_Material for this exercise_.
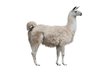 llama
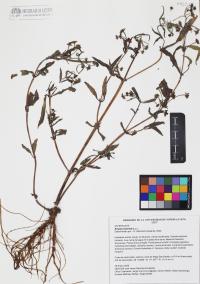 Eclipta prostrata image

--

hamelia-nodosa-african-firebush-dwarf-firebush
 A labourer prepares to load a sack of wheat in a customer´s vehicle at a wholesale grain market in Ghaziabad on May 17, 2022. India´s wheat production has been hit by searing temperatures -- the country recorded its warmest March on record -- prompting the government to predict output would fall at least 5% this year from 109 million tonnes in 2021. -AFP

==

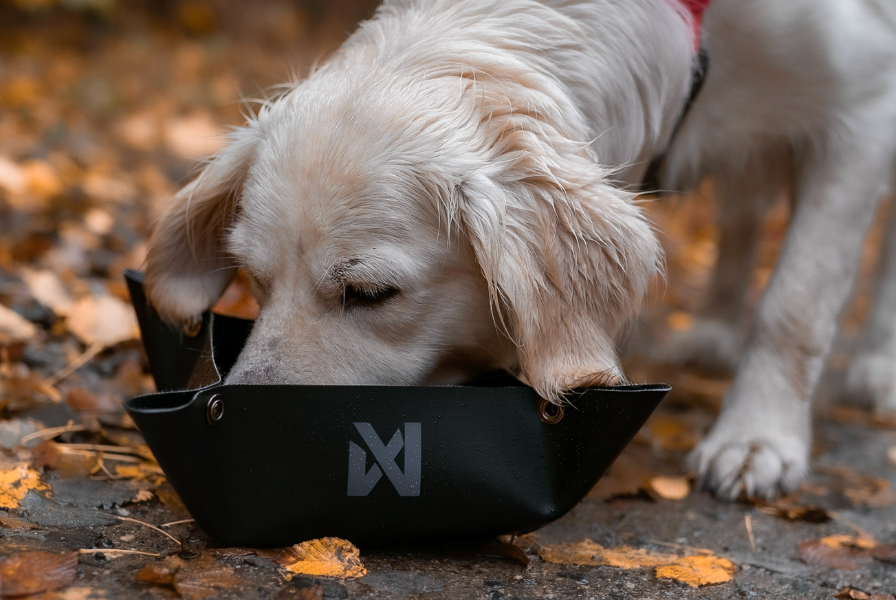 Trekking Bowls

_What you are asked to do_.
Retype only this portion of the data above: the line containing "hamelia-nodosa-african-firebush-dwarf-firebush", the line containing "A labourer prepares", and all lines between them, exactly.

_Answer space_.
hamelia-nodosa-african-firebush-dwarf-firebush
 A labourer prepares to load a sack of wheat in a customer´s vehicle at a wholesale grain market in Ghaziabad on May 17, 2022. India´s wheat production has been hit by searing temperatures -- the country recorded its warmest March on record -- prompting the government to predict output would fall at least 5% this year from 109 million tonnes in 2021. -AFP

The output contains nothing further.